Your copy starts at the line containing "Pawmot ex - 73/230" and ends at the last line of the material below. Reproduce those lines exactly, with no pictures.
==== Record excerpts
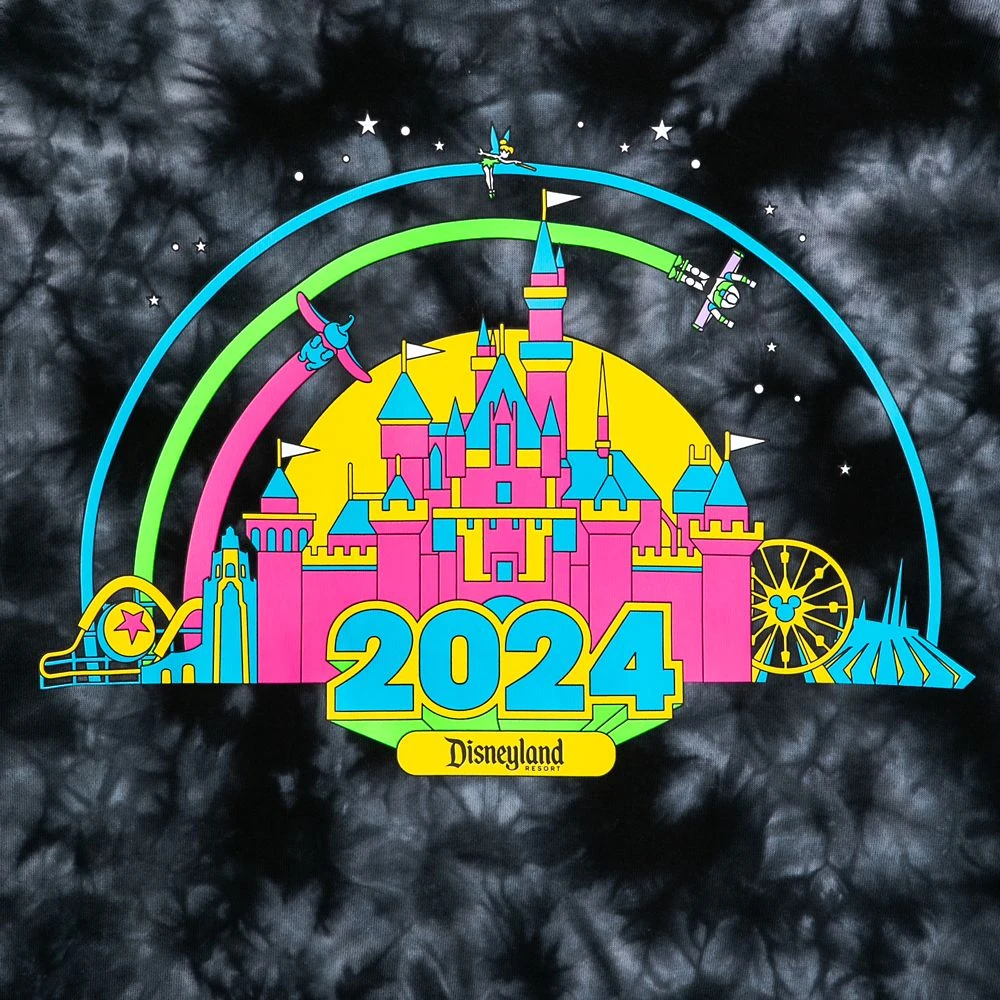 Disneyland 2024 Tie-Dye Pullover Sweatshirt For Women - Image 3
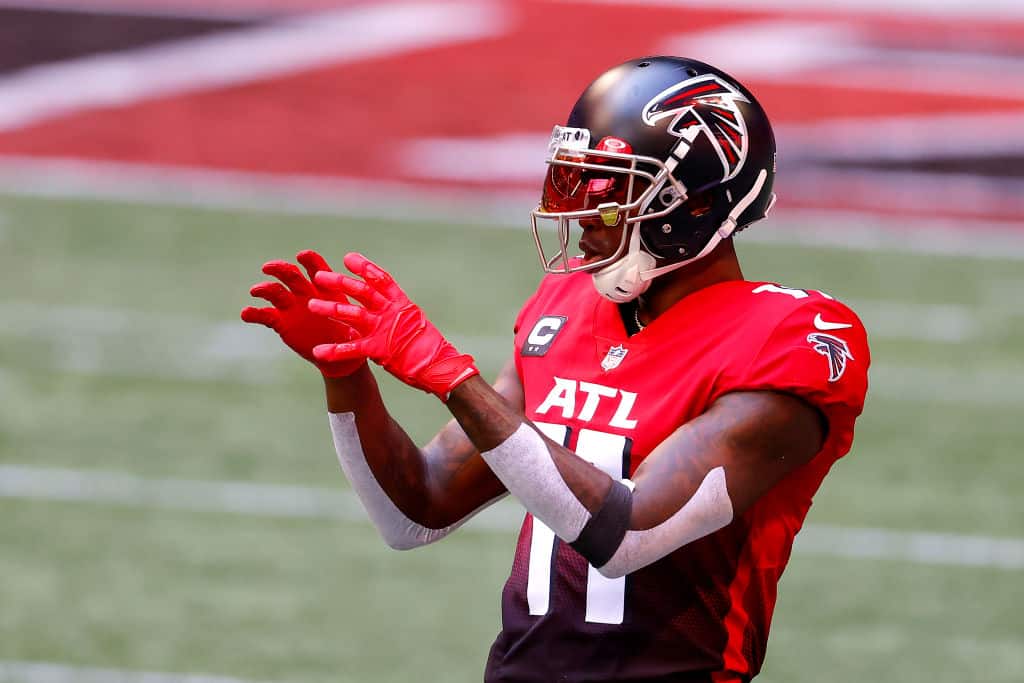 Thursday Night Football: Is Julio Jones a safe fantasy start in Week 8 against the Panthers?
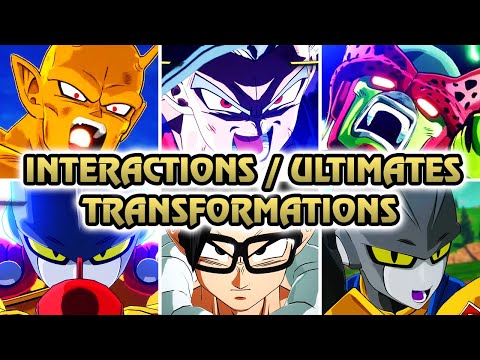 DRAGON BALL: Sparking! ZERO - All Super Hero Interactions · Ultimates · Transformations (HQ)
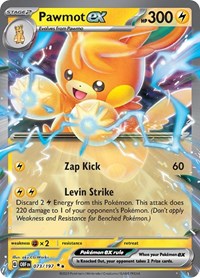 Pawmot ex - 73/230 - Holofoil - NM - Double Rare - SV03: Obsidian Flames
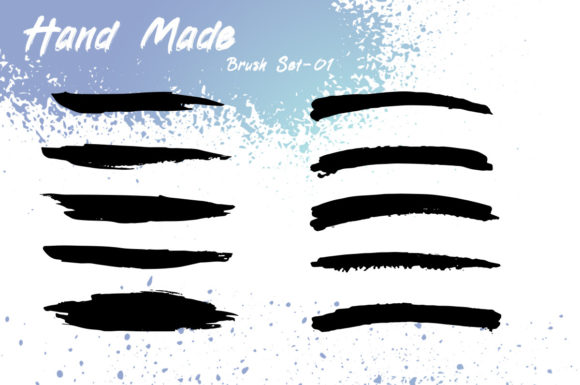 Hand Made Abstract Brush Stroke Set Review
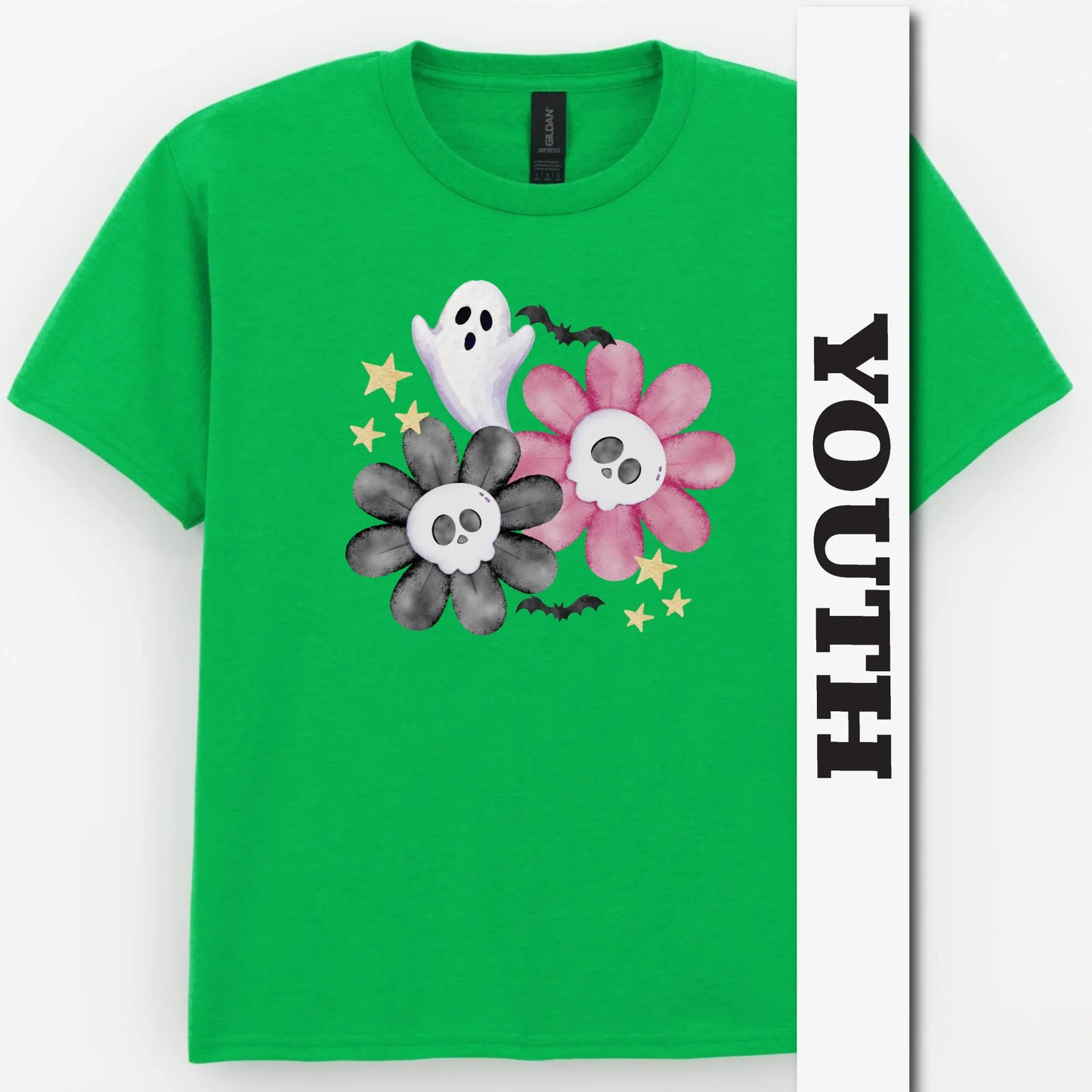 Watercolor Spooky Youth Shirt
========
--- Written reply ---
 Pawmot ex - 73/230 - Holofoil - NM - Double Rare - SV03: Obsidian Flames
 Hand Made Abstract Brush Stroke Set Review
 Watercolor Spooky Youth Shirt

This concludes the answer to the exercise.